Collected data:
-----

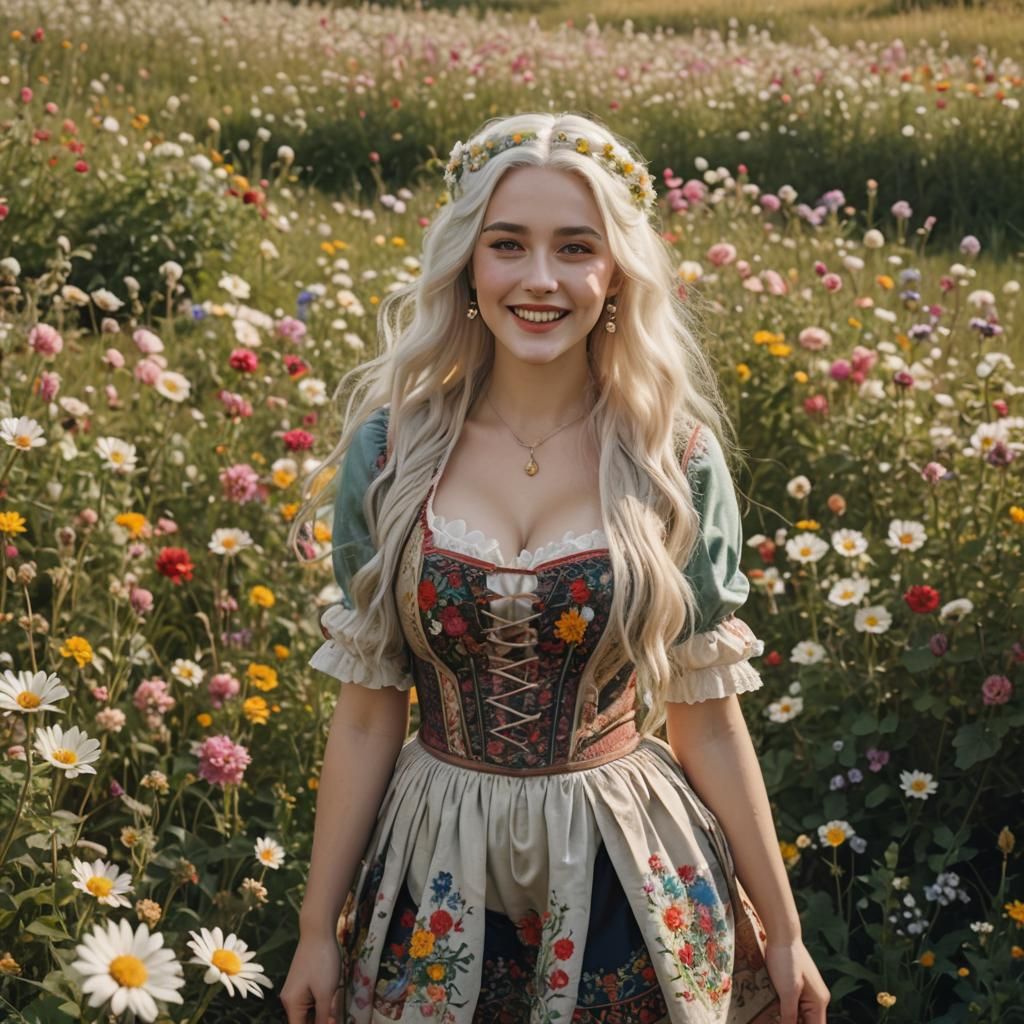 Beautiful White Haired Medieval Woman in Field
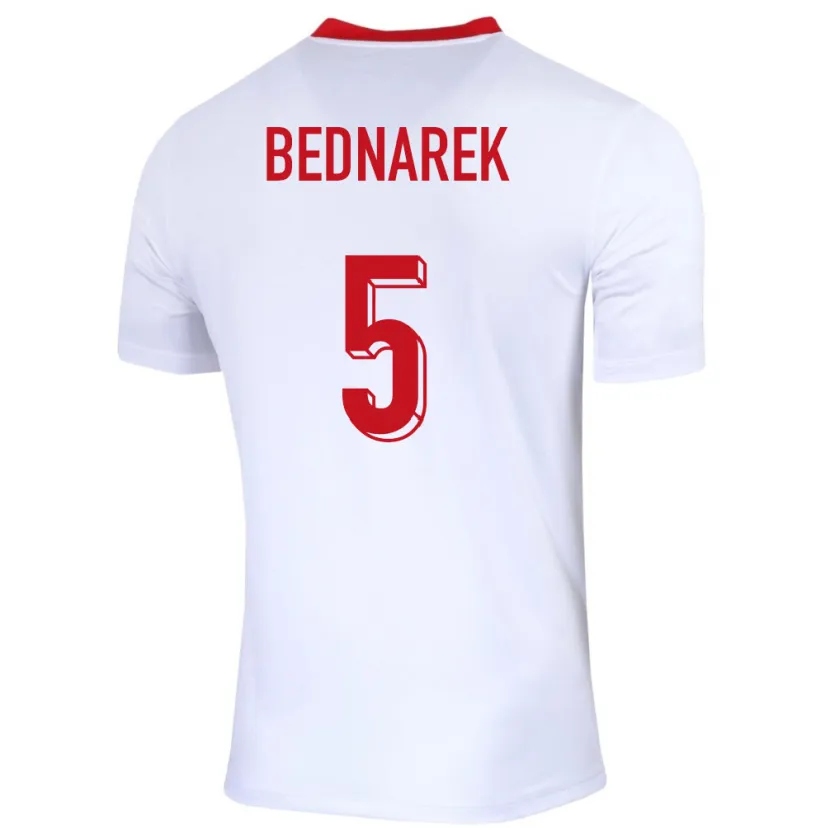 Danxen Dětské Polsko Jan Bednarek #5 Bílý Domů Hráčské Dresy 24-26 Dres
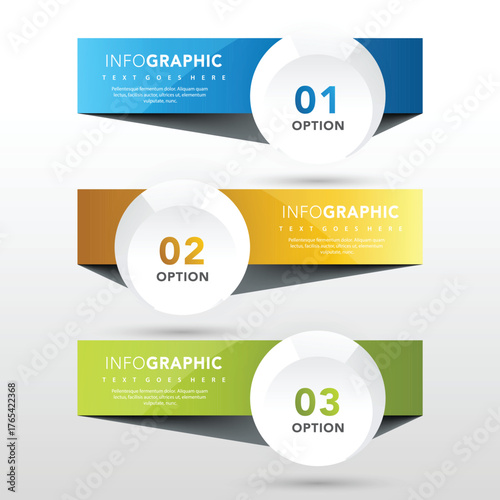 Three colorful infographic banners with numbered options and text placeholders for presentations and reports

-----

Activity: Give back exactly the lines from the one that contains "Danxen Dětské Polsko" to the final line of the data above, both included, with all pictures removed.

Solution:
 Danxen Dětské Polsko Jan Bednarek #5 Bílý Domů Hráčské Dresy 24-26 Dres
 Three colorful infographic banners with numbered options and text placeholders for presentations and reports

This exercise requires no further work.